All Around Town: Political presents that are only skin-deep
Political presents that are only skin-deep
If you assume freebies doled out by political parties to woo voters are always going to be moon cakes, dumplings, rice packs or free feasts - think again. Skin lotion has recently gone out to residents at Long Ping Estate in Yuen Long. That sort of freebie might be more than welcome to teenage recipients, but a lucky elderly woman was stumped by the sleek bottle of "Beautymate Refining Smooth Nano Lotion" from the Democratic Alliance for the Betterment and Progress of Hong Kong, which carried a sticker showing the faces of DAB lawmaker Leung Che-cheung and community officer Amanda Wong Yuk-chun. "The old lady came to me and asked what it was and how to use it," Yuen Long district councillor Roy Kwong Chun-yu, a Democrat, said. "She was a bit disappointed when she realised it was actually for skin refining and wondered why [the DAB] gave her such a thing." He said the generous Wong, who was likely to challenge him in November district council elections, had a record of giving out skin care products. It wasn't that long ago that she made gifts out of paper masks to encourage people to register as voters. "What would she give away next time? A whole beauty treatment?" Kwong was clearly tickled by the idea, saying poll aspirants should focus on community work that would go beyond just being skin-deep.

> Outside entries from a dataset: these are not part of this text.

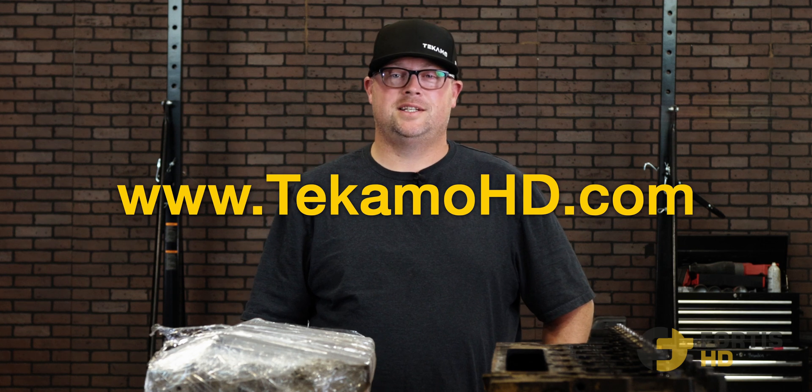Special thanks to TecmoHD for providing the mechanical expertise seen in this video. If you need to book a mechanic, reach out at TecmoHD.com.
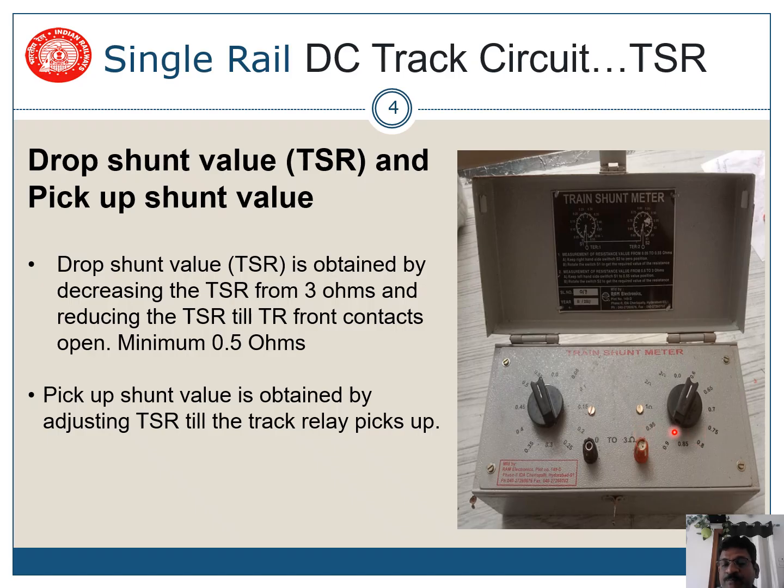...continuing down to 0.9 ohms. If the relay does not drop at this point, your track circuit needs to be adjusted and the voltage should be reduced. At any cost, the relay should drop at 0.5 ohms, 0.6, or 0.7 ohms TSR.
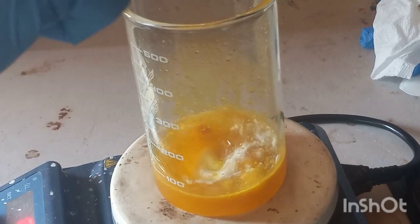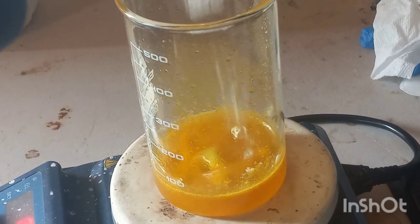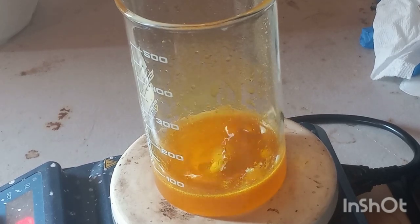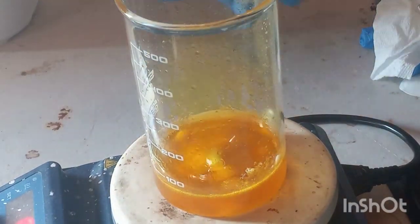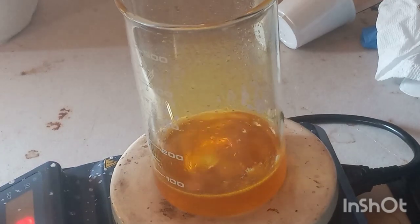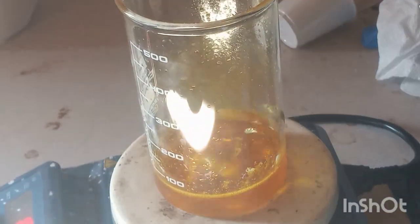I'm doing about 20 grams of ethyl vanillin, just to work on a visible scale. Since I don't have the best production quality, I want things to be pretty noticeable. Everything will dissolve. I'm going to go ahead and set this up and grab a thermometer — I shall return.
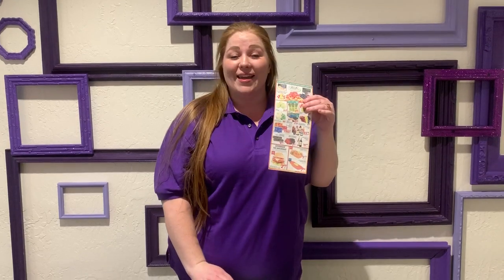It's Miss Holly here again from Awakening Creativity. I'm here for Wellness Wednesday. Today we're going to make a healthy plate.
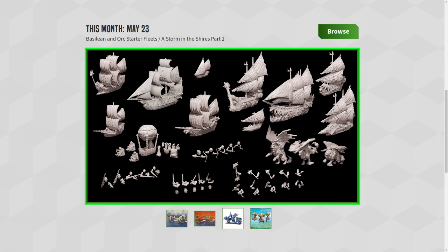Month one is mainly focused around the boats, giving you what constitutes the starter and booster set for the Basileans and the Orcs. From month one, day one, you subscribe and you could potentially print a whole Orc fleet and a whole Basilian fleet — everything except a monolith or the flyers. If you've got your Companion app, you can now play the game, print the ships, and you're done.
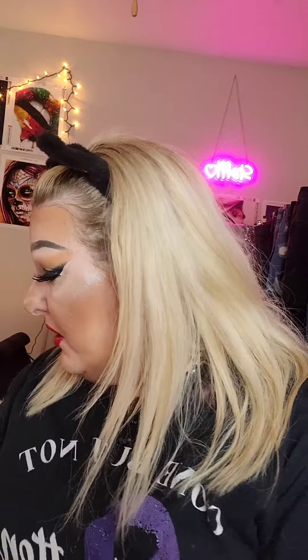And this lipstick is — what is it? It's Infallible. Who makes Infallible? Oh, L'Oreal. Infallible in the color — I can't read it, it's 872, but I can't read the color name. These lashes aren't doing it for me. I think I need to go bigger.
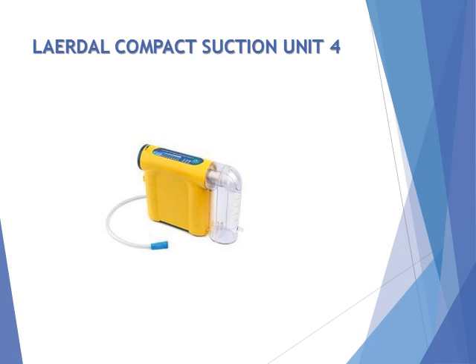LayerDoll Compact Suction Unit 4 — LCSE 4 is always ready to assist you in providing effective suctioning to a patient. Its small size and shape enables you to carry it to every call in your airway bag. Its unique 200ml canister system, coupled with a variable vacuum regulator with an LED display, gives you the power and control you need to quickly clear a blocked airway.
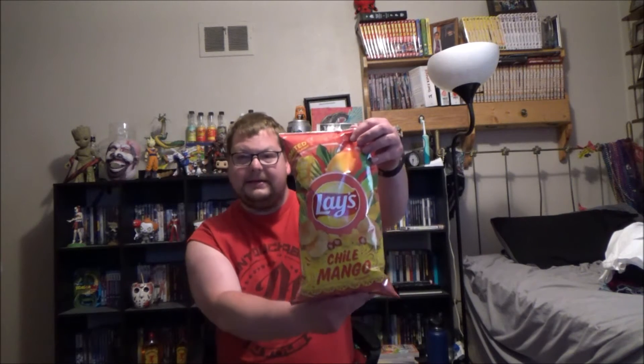Hello ladies and gentlemen, welcome to another edition of Tank Tries. Today we're gonna be trying some chips — Lays Chili and Mango flavored. Yes, this is a limited summer flavor. Chili and mango flavor... that just sounds weird, so we're gonna give these a shot and see if they're any good.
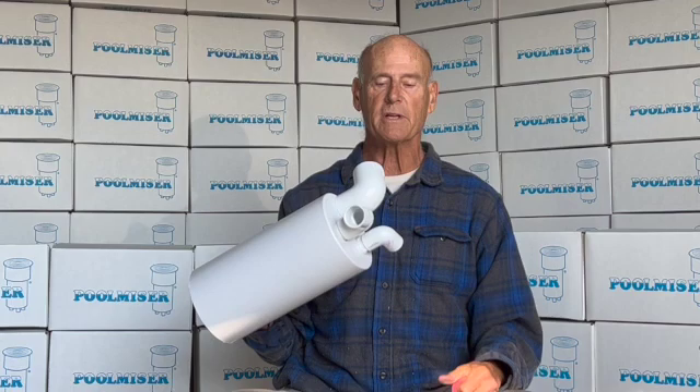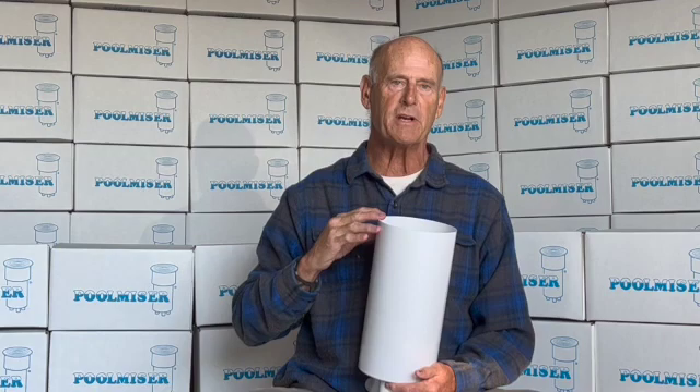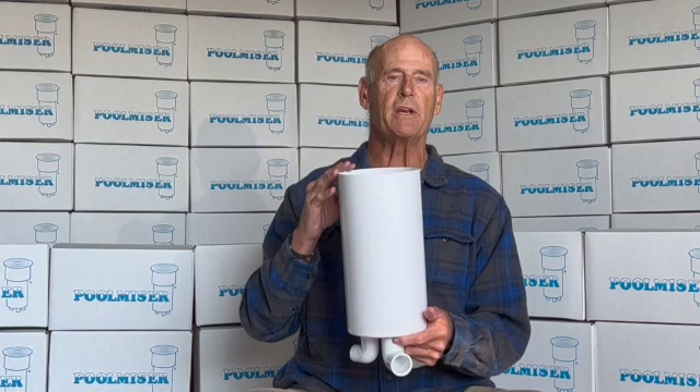Next we'll go to the installation of the tank itself. You've got your plumbing ready to go in. You're going to set this in the ground, and you're going to want the top of the tank to be exactly three inches above the water line. You want to install this tank so that this top layer here is three inches above your intended water line. Then it'll be set at the right height for controlling the level of the water.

Bad luck strikes twice for legislator Regina Ip
August is apparently not a good month for New People's Party chairwoman Regina Ip Lau Suk-yee. First, her Facebook administrator failed to hide the identity card number of the executive councillor when uploading images of her colonoscopy - making the former security secretary a topic of much discussion online. By the following week, Next Magazine had zoomed in on the possibility that this administrator, top Ip aide Eric Chan, might have unsavoury interests. In its latest issue, the magazine alleged that Chan, formerly one of its reporters, was seen attending a 2009 nightclub in Dongguan with a group of men who shared a common interest - secretly taking pictures under women's skirts. A Next reporter had been sent there on an undercover mission and was surprised to see his former colleague, according to the article. Ip has refused to comment, as has Chan, who is now on vacation.
No respite for CY even from 'allies'
When Felix Chung Kwok-pan succeeded Selina Chow Liang Shuk-yee as the Liberal Party's chairman last year, beleaguered Chief Executive Leung Chun-ying might have expected the pro-establishment party to be less critical of his government. As it turned out, Chung was not only critical of Leung, he even made it clear on Tuesday Leung would not have his support in seeking a second five-year term. Speaking on TVB's Straight Talk, Chung said he agreed with his party colleague, honorary chairman James Tien Pei-chun, that Leung was a worse leader than Tung Chee-hwa and Donald Tsang Yam-kuen. Chung said: "He has delivered three policy addresses, but [many of his] proposals have not been implemented … There is no clear direction for the city's economic development."